The world’s first shaft hydropower plant has gone on stream in Germany. As well as producing green energy, the plant is also kinder to the natural environment than conventional hydropower plants. The turbine is concealed in a shaft in the river bed. Fish can pass freely over the power plant on their migration downstream. The new plant concept was developed at the Technical University of Munich (TUM).

A source of renewable energy, hydropower plants can contribute to climate mitigation efforts, but they also cause problems for the natural environment. In conventional run-of-river power plants, the water is diverted to a power house in order to drive the turbine. This strong current can drag fish towards the plant turbine and grids, where they are at risk of being injured or killed. Natural habitats, fish migration routes and riverbank landscapes are damaged. Therefore, the environmental standards for new plants are virtually impossible to fulfill in Germany and many other countries.

A team at the Chair of Hydraulic and Water Resources Engineering at TUM decided to develop a hydropower plant that would have a significantly lower impact on the natural environment. With this new plant design, there is no need to divert the course of the river. Instead, a shaft housing the turbine and the generator is dug into the river bed upstream of a weir. The water flows into the shaft, drives the turbine, and is then returned to the river under the weir. A smaller part of the water flows over the shaft and past the weir.

The engineers have managed to control the current so that the power plant can efficiently produce electricity while minimizing the formation of vortices in the shaft. Numerous tests on a prototype have shown that most fish are able to swim safely over the shaft. What is more, two openings in the weir allow them to migrate downstream unharmed, while upstream migration is facilitated by an ordinary fish pass.

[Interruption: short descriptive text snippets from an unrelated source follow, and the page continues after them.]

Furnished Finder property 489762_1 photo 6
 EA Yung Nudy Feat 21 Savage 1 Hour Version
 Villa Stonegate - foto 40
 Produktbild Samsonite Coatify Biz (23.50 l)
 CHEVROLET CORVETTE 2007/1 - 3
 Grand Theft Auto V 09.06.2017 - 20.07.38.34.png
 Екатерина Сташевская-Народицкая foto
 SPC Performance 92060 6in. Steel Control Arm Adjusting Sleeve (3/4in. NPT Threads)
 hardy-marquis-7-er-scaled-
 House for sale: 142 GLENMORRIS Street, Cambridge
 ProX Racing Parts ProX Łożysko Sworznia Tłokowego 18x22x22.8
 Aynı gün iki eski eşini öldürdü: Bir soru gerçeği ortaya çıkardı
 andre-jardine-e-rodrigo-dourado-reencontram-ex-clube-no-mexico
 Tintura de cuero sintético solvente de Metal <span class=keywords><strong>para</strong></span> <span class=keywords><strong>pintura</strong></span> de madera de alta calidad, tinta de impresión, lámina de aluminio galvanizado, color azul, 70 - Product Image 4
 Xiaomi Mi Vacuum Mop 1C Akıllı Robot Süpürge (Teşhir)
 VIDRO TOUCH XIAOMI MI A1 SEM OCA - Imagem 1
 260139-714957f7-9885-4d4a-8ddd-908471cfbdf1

How the shaft power plant works

Making existing weirs more passable

As well as protecting the fish in the river, the shaft power plant further benefits the aquatic ecosystem by also allowing debris and driftwood to pass more freely downstream. The transit and deposition of this “bedload” is important for spawning grounds, for example. A type of grate called a rack, which lies on the shaft, keeps this material away from the turbine. The bedload is then regularly pushed downstream by the plant. For this purpose a gate is opened in the weir. This adjustable system also allows water to be released when the river floods.

Shaft power plant in the river Loisach near Großweil
Fish can migrate downstream through the openings in the weir.

Image: Frank Becht / TUM

“If we want to protect the climate while also preserving nature, we need to develop technologies capable of skillfully balancing these two goals,” says project leader Prof. Peter Rutschmann. “We know that nature is always impacted to some degree by a hydropower plant.” Here too, very small fish can be dragged into the shaft power plant, but the majority of them make it to the other side unscathed.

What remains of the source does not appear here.